§ **DATA BELOW**

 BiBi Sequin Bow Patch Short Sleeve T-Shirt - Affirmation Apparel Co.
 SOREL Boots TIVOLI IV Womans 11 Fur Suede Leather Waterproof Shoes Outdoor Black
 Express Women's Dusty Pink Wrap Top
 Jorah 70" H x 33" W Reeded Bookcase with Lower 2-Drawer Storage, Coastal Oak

§ **PROMPT**
From the first line to the last, copy the data exactly.

§ **RESPONSE AREA**
 BiBi Sequin Bow Patch Short Sleeve T-Shirt - Affirmation Apparel Co.
 SOREL Boots TIVOLI IV Womans 11 Fur Suede Leather Waterproof Shoes Outdoor Black
 Express Women's Dusty Pink Wrap Top
 Jorah 70" H x 33" W Reeded Bookcase with Lower 2-Drawer Storage, Coastal Oak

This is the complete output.